Apart from the feeling of insecurity, one of the most accurate financial leading indicators of the “doughnut effect” is office occupancy and vacancy because commercial development is characterised by cyclical booms and busts that happen quickly. Take a walk around the city and it is abundantly clear that Dublin’s commercial property market is in the midst of a downturn. Office blocks lie empty, vacancies are on the rise, the incessant investment and building has stalled. Money is walking away and once money moves, people do too.
As well as a daytime commercial slump, the nighttime economy in Dublin is frankly awful.

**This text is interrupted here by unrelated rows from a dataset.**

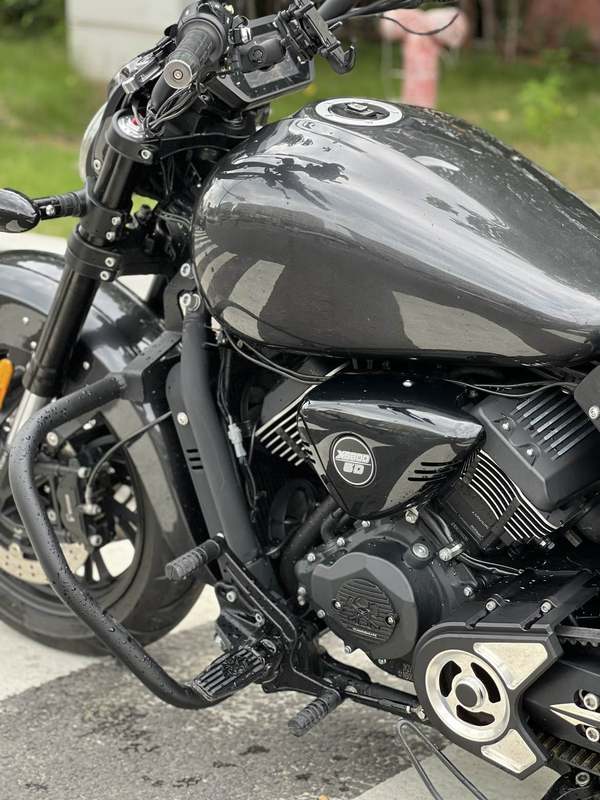 二手香帅金刚狼800S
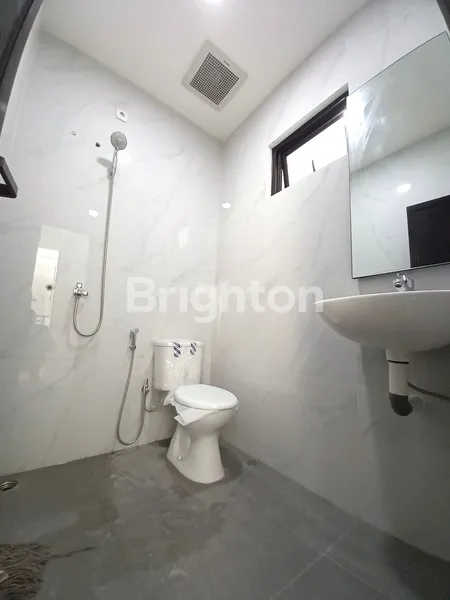 image RUMAH BARU 2 LANTAI DI MERUYA, JAKARTA BARAT FASAD MODEL AMERICAN CLASSIC (7)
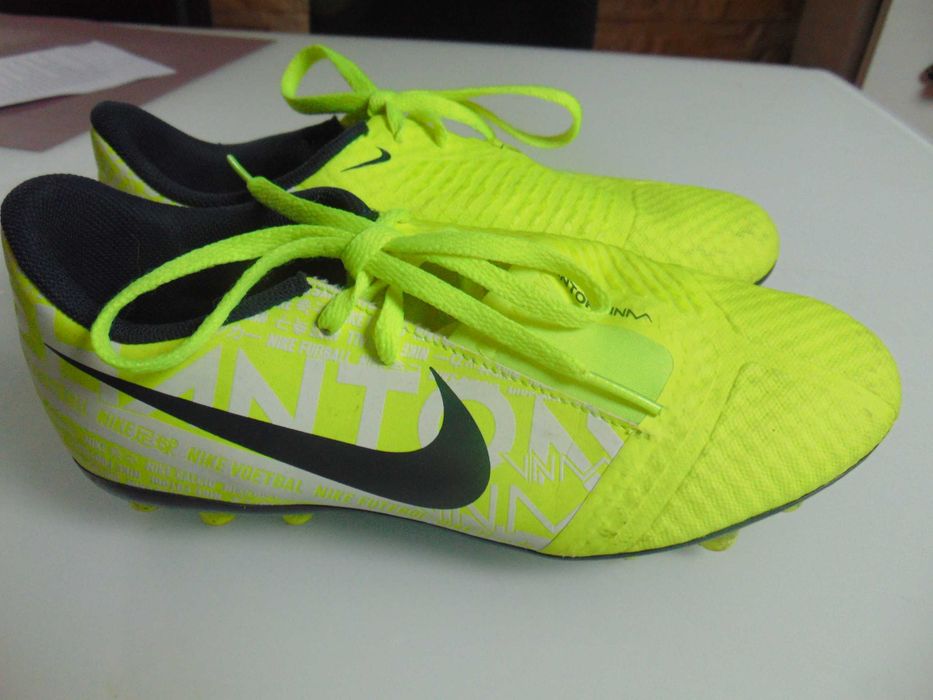 nike skin phantomnm roz 37,5 piłka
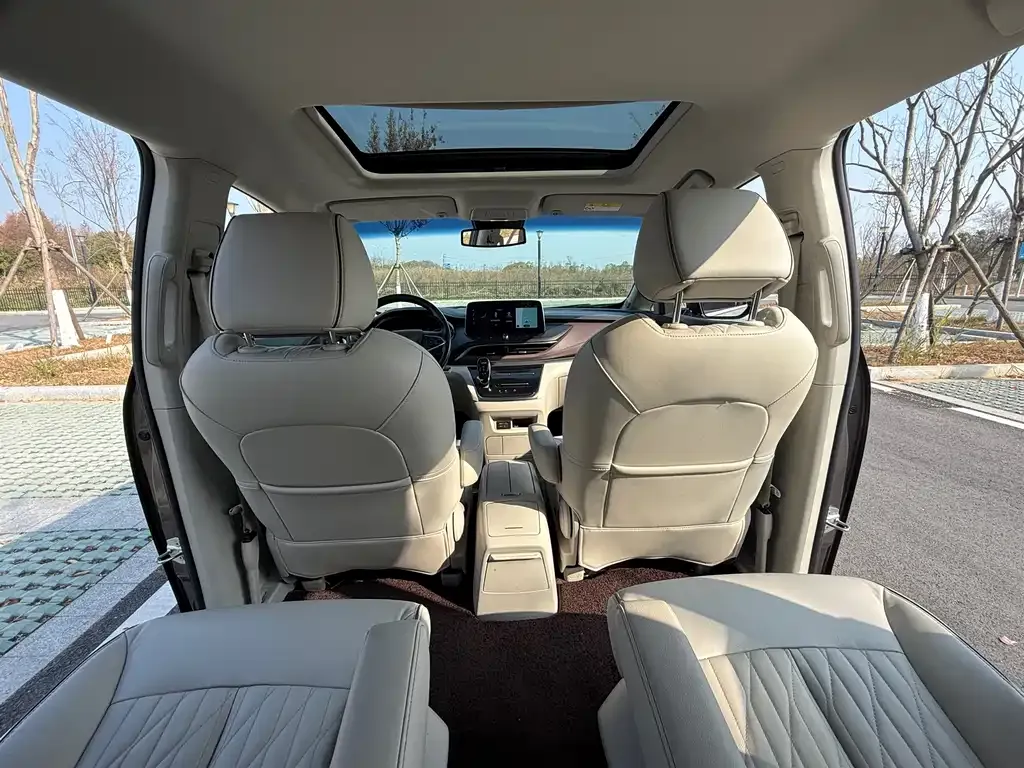 Buick GL8 2021 из CN, фото 10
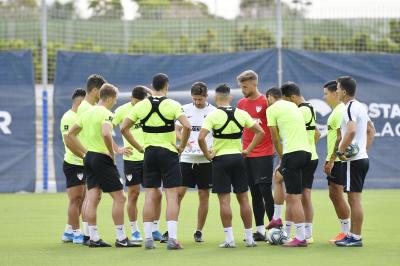 Víctor y la plantilla, en una sesión de entrenamiento.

Younger people, who still want to go into town for the craic, lament the lack of venues and clubs and any alternatives to the traditional skinful of pints. A country with a similar sized economy to us, New Zealand, estimates its core nighttime economy is worth almost $10bn (€5.6 billion) in economic activity and supported more than 180,000 jobs – 7 per cent of total employment. By contrast, in Ireland the pubs and nightclubs industry only pulls in €2.6 billion in revenue (as of 2023) and employs 43,316 people.
These various challenges can be summed up by one simple fact: there are not enough people living between the canals, and the flight of people and money out of the city reflects this. Residents, not visitors, make a city. The city should set an inner city population target and, around this, other things flow: planning, transport, social infrastructure such as schools, hospitals and sports/entertainment facilities. The ratio of residential to office developments needs to be flipped in favour of homes – by legislation. And yes, blunt instruments that favour residents over tourists are essential, which means severely limiting Airbnb and very short-term letting.
Healthy cities are diverse cities where residents live, work and play. The renowned American urbanist Jane Jacobs argued that successful cities are underpinned by living streets, characterised by mixed-use development, integrating residential, commercial and cultural spaces. People on streets where they live also police those same streets while mixed-use zones help the city roll with the punches, adapting to changing lifestyles, revitalising the inner city, creating a dynamic and safe urban atmosphere.
[ Jane Jacobs, a visionary who changed how we think about citiesOpens in new window ]
There is no time to waste. That feeling that many have is real; the city is being hollowed out, slowly, but urban decay happens like Hemingway’s famous description of how bankruptcy happens – “gradually, then suddenly”. Dublin transformed itself in the past 30 years, it now needs a 30-year plan to make sure it continues to develop rather than stagnate.